Author: Matthew Hull

Date: 15:23:50 05/23/05

Go up one level in this thread


On May 23, 2005 at 17:56:18, Torstein Hall wrote:

>On May 23, 2005 at 07:54:28, Uri Blass wrote:
>
>>On May 23, 2005 at 07:29:21, Uri Blass wrote:
>>
>>>On May 23, 2005 at 05:39:00, Darrel Briley wrote:
>>>
>>>>On May 23, 2005 at 05:13:04, Uri Blass wrote:
>>>>
>>>>>On May 23, 2005 at 00:08:52, Darrel Briley wrote:
>>>>>
>>>>>>On May 22, 2005 at 19:28:53, Eduard Nemeth wrote:
>>>>>>
>>>>>>>On May 22, 2005 at 18:53:07, Pablo Ignacio Restrepo wrote:
>>>>>>>
>>>>>>>>I am thinking chess is in a coin.
>>>>>>>>Human beings for ever playing in one face.
>>>>>>>>Now I am playing in the other face:"Antichess".
>>>>>>>>Computers are as a fortres where owner forgot to clouse a little door behind.
>>>>>>>>You must enter across this doar. Forget the front.
>>>>>>>
>>>>>>>Congrats Pablo! This was an nice game, but last after 15 losing games.
>>>>>>>
>>>>>>>You losing 1 : 16 against Hiarcs 9. I seems Hiarcs 9 is very strong against
>>>>>>>Anti-Chess.
>>>>>>>
>>>>>>>Or?
>>>>>>>
>>>>>>>Ed:)
>>>>>>
>>>>>>I assume the reason you see such things on Playchess.com and not ICC is due to
>>>>>>ICC's rules prohibiting playing the same line(s) repeatedly against an engine
>>>>>>until you FINALLLLLY get a win.
>>>>>
>>>>>I do not know about a rule in ICC that prohibit playing the same lines
>>>>>repeatedly against an engine.
>>>>>
>>>>>Uri
>>>>
>>>>http://www.chessclub.com/help/abuse
>>>>
>>>>7. Playing the same line over and over against a computer, to gain rating
>>>>points. We will edit your rating to whatever we feel is reasonable if you do
>>>>this.
>>>>
>>>>Accounts that abuse, distort, or cheat the rating system on ICC may have the
>>>>ratings adjusted, may be added to the "disconnectors" list (causing immediate
>>>>loss upon disconnection), may be prevented from playing rated games, or may lose
>>>>their ICC account entirely. These actions will be taken at the sole discretion
>>>>of the ICC administrators.
>>>
>>>Thanks
>>>
>>>This rule is talking only about trying to get rating
>>>
>>>People are still allowed to play the same line over and over in friendly games
>>>against computers.
>>>
>>>I also think that the rule is not fair.
>>>
>>>It means that playing the same line over and over against an human to gain
>>>rating points is allowed and playing against convenient human opponent is also a
>>>trick to get rating points.
>>>
>>>If the target is to do the rating fair then it is better to forbid people to
>>>play for rating except playing in open swiss tournaments when you cannot choose
>>>your opponent.
>>>
>>>Uri
>>
>>I can add that the rule is also against programmers.
>>
>>Suppose that a programmer implemented some new learning function in order to
>>prevent humans to earn rating by repeating the same line again and again.
>>
>>How can the programmer check if the learning works when humans are not allowed
>>to try repeating the same line again and again.
>>
>>Uri
>
>I am not sure, but I believe you misunderstand the reason behind this rule. The
>idea is to stop playing obvious programs that are malfunctioning. I have
>encountered programs that have stopped moving when it get out of book etc. I
>could have earned quite a lot of rating at ICC that way....

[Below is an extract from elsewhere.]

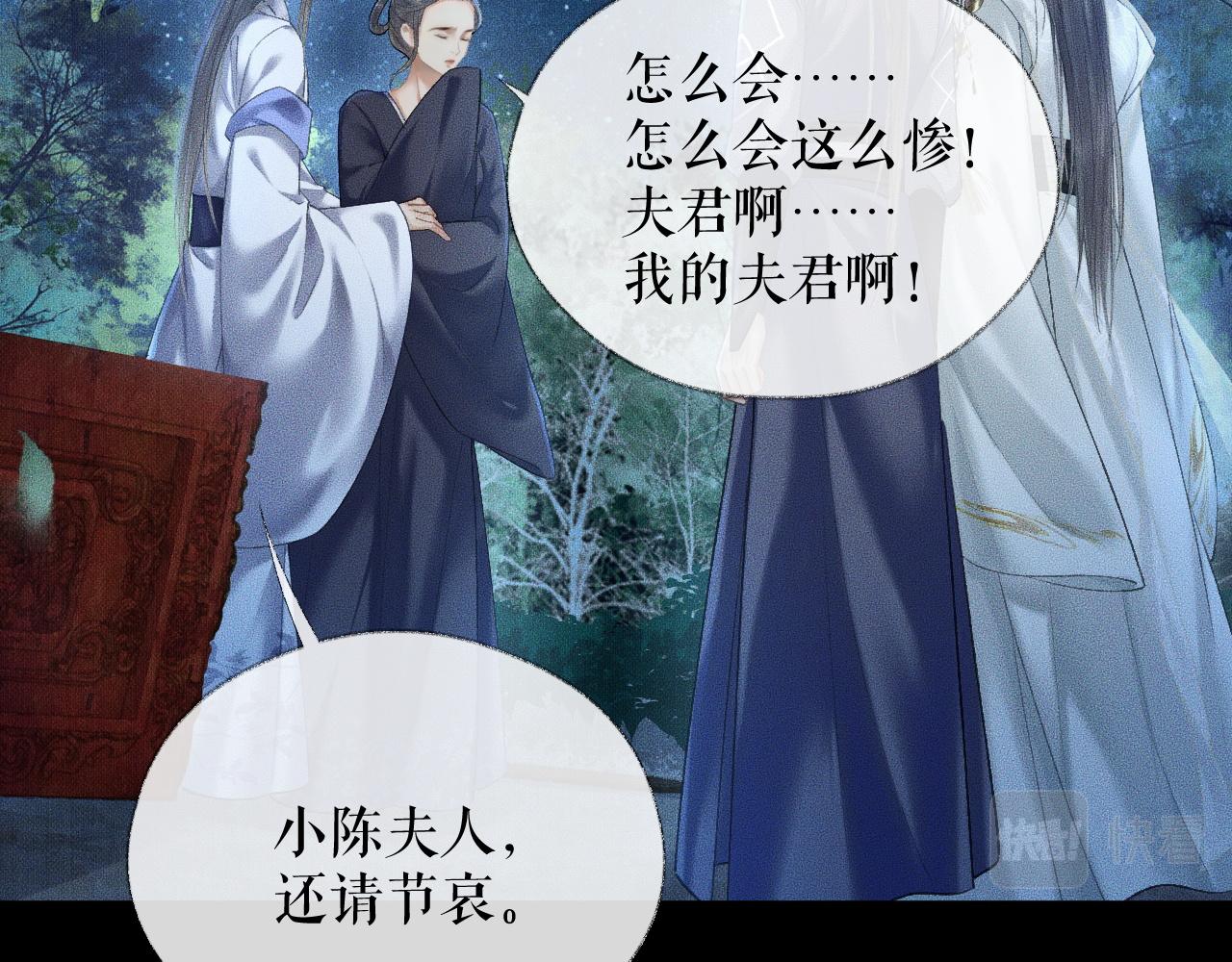 第15话 不受控的二哈 第 6 页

What better way to motivate the programmer than to punish his flawed creation
without mercy?  I think this should be encouraged rather than discouraged.  It
gives the programmer motivation to make a better product.  I would think a
programmer would want to know where the bugs are in his code.  The "anti-chess"
player is doing the programmer a service (even if unintentionally), IMHO.

This should be seen as an opportunity by the programmer.  It's free "debbugging"
help from essentially self-interested parties.  How often do you get a nice
symbiosis like that?  Not often.

Is this not the very reason programmers crave games with GMs?  If a GM is
pounding the stuffing out of their program, they want to fix that, yes?  They
want the machine to be respected by strong humans.  In a similar way, if weak
humans can scupper your creation, you want to know about that as well.  You
wan't to eliminate defeat from cheapos, too.  That's how you make a champion --
eliminating fundamental mistakes and flaws.